Plt Dinas Pertanian dan Pangan Kabupaten Banyuwangi, M. Khoiri, menyebut sampai saat kasus PMK belum ditemukan di Banyuwangi. Dinas melakukan surveilans ke daerah perbatasan hingga pasar hewan.
“Terkait hal ini, kami mengimbau agar warga tidak panik untuk menjual ternaknya (panic selling). Kasus ini belum ditemukan di Banyuwangi, walaupun ternak di sejumlah daerah di Jatim sudah ada yang terinfeksi,” ujar Khoiri.
Meski demikian, pemkab telah melakukan sejumlah langkah untuk mencegah masuknya penyakit yang menyerang ternak ruminansia (hewan pemamah biak) tersebut.
“Langkah antisipatif sebagai upaya kewaspadaan dan kesiapsiagaan telah kita lakukan sejak beberapa hari lalu,” papar Khoiri.
Di antaranya melakukan surveilans dan deteksi dini pada hewan ternak di daerah-daerah kantong ternak, pedagang ternak, pasar hewan, serta ternak milik warga.

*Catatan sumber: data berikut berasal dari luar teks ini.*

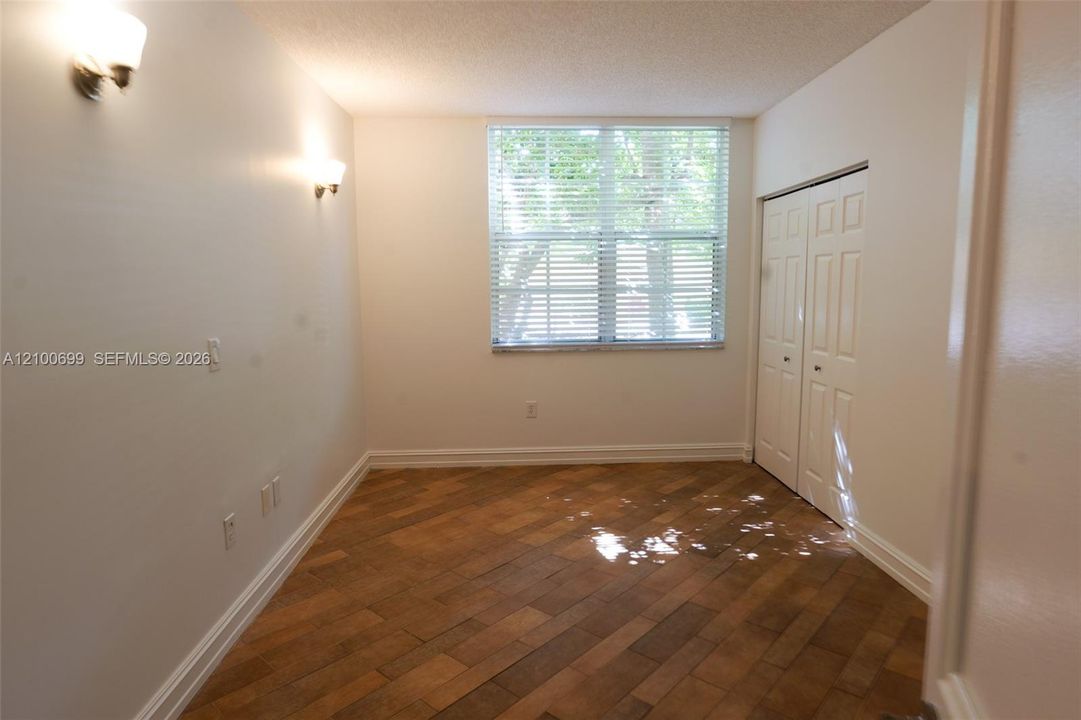 For Rent: $4,250 (3 beds, 2 baths, 1350 Square Feet)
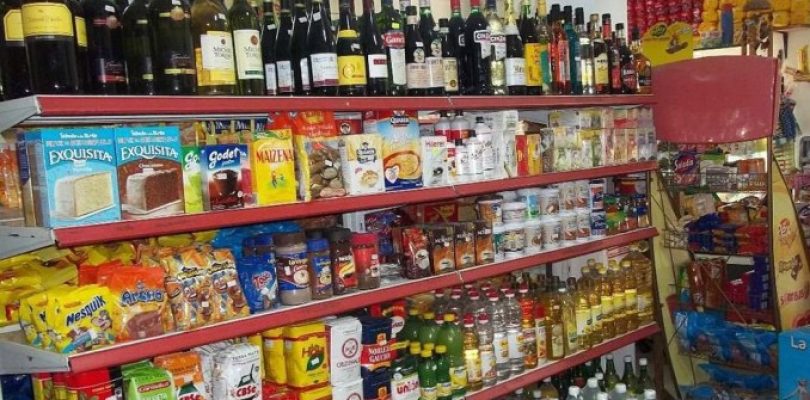 Lanzan una nueva canasta de 120 productos para almacenes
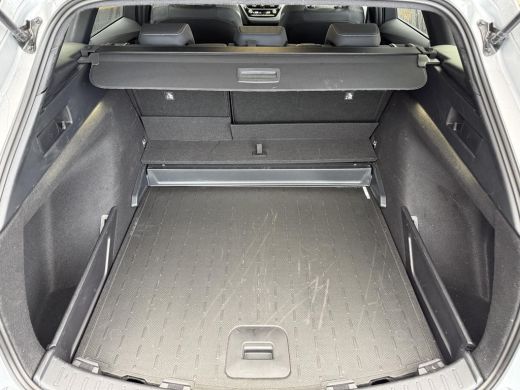 Toyota Corolla Touring Sports Hybrid 140 Dynamic **STOELVERWARMING/ PARKEERSENSOREN/ KEYLESS/ ADAPTIEF CRUISE CONTROL/ GARANTIE** ActivLease financial lease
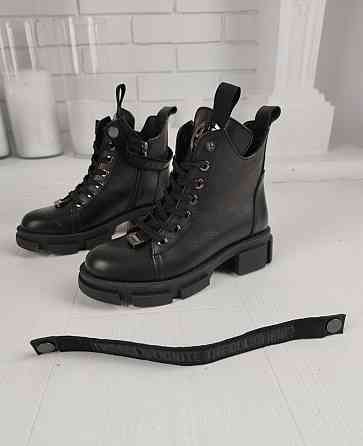 AVALON Черевики жіночі AVALON чорні натуральна шкіра висота 16 см розмір 39 (4953) Коломыя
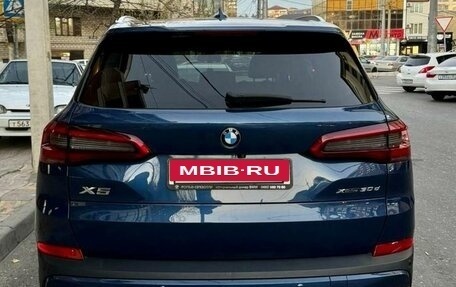 BMW X5, 2018 год, 7 500 000 рублей, 2 фотография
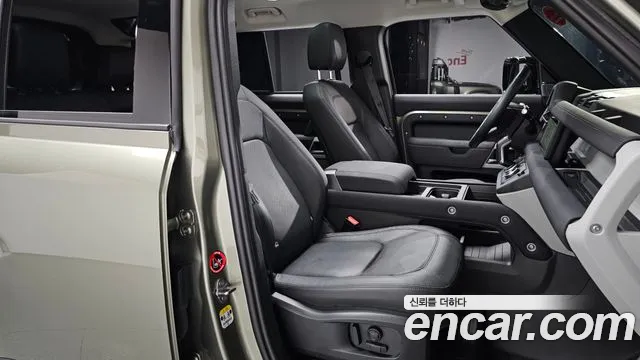 Land Rover Defender 2023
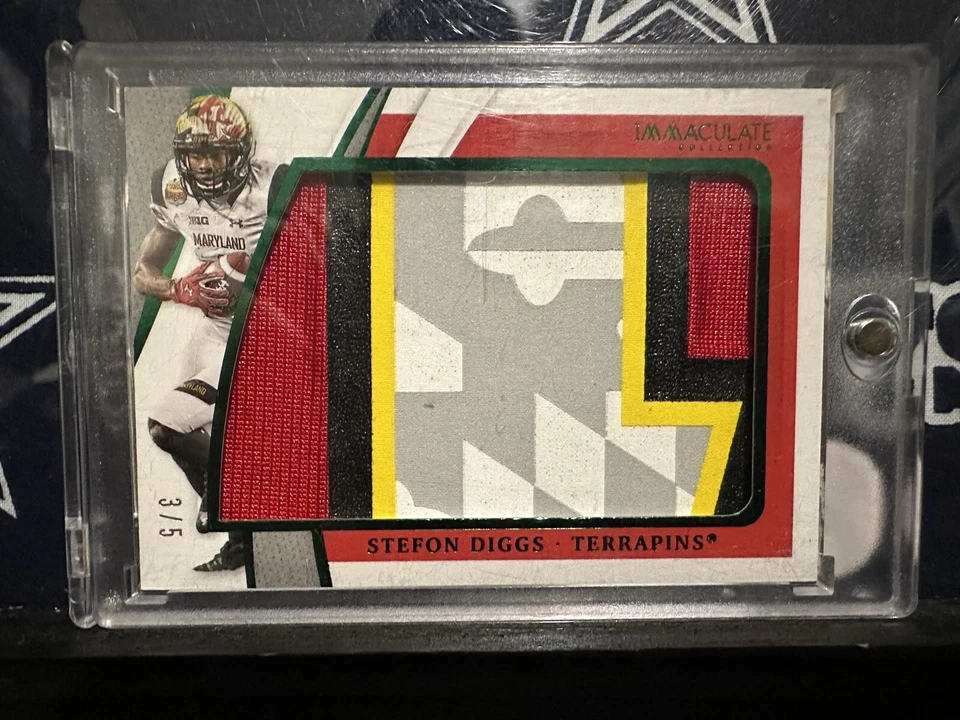 2021 Immaculate Collegiate Stefon Diggs Jumbo Patch /5 - Image 1 of 3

[berita-terkait number=”4″ tag=”penyakit-kuku-mulut”]
Banyuwangi menerjunkan tim gabungan dari dinas terkait, petugas lapang kecamatan, Persatuan Dokter Hewan Indonesia (PHDI) Banyuwangi, hingga Fakultas Kedokteran Hewan Unair.
Tim ini keliling setiap hari ke desa-desa, terutama pasar hewan dan daerah perbatasan. Seperti di Kalibaru dan Wongsorejo yang merupakan pintu masuk lalu lintas ternak dari daerah lain.

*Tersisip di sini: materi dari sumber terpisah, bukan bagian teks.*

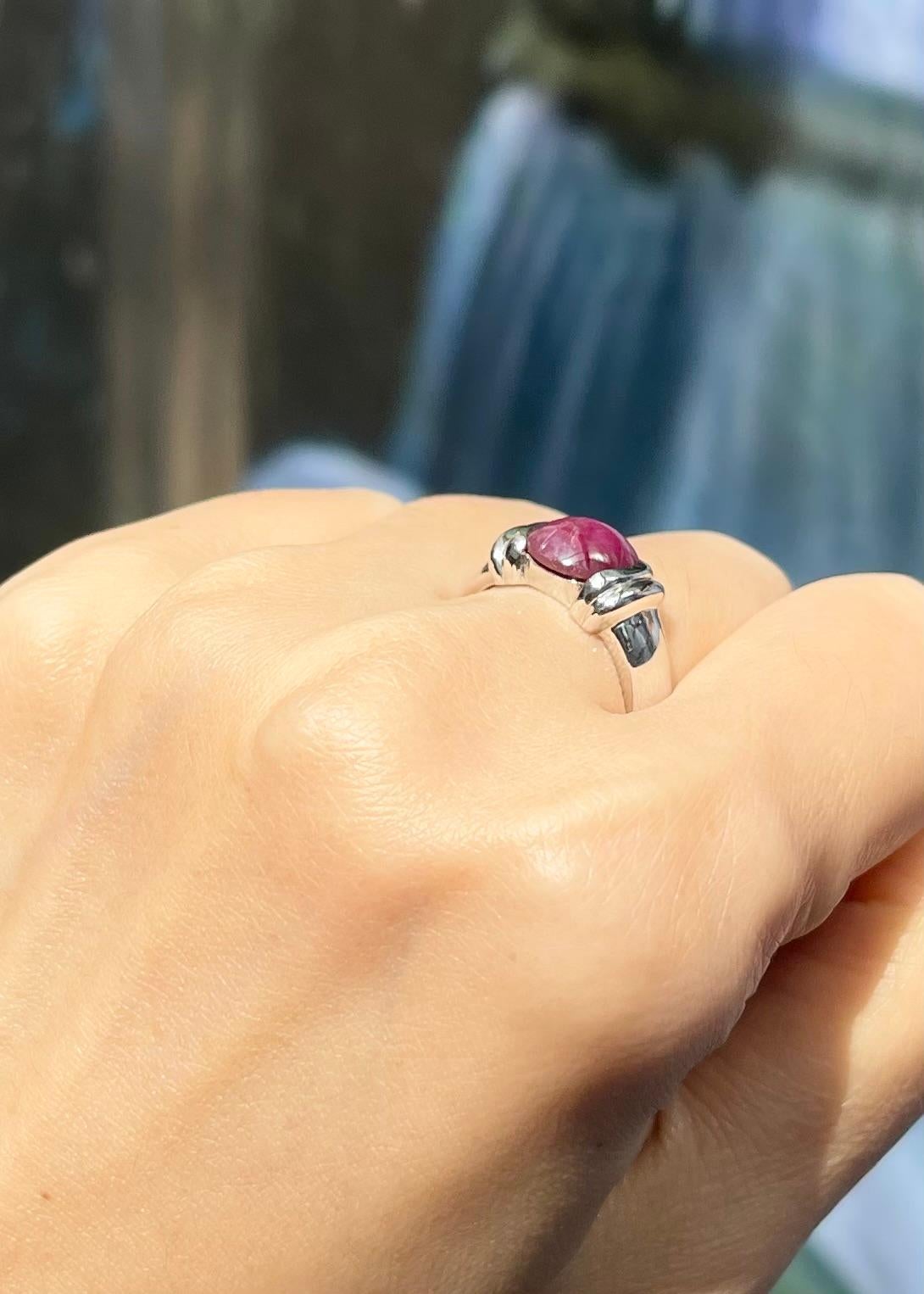 Femenino o masculino Anillo de rubí estrella engastado en oro blanco de 18 quilates en venta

“Tim sudah bergerak sejak hari Minggu (8/5) lalu, hingga nanti seluruh kecamatan tuntas,” ujar Khoiri.
PMK merupakan penyakit yang disebabkan oleh Foot and Mouth Disease Virus (FMDV). Ini merupakan penyakit hewan menular akut yang menyerang ternak seperti sapi, kerbau, kambing, domba, kuda dan babi dengan tingkat penularan mencapai 90-100 persen.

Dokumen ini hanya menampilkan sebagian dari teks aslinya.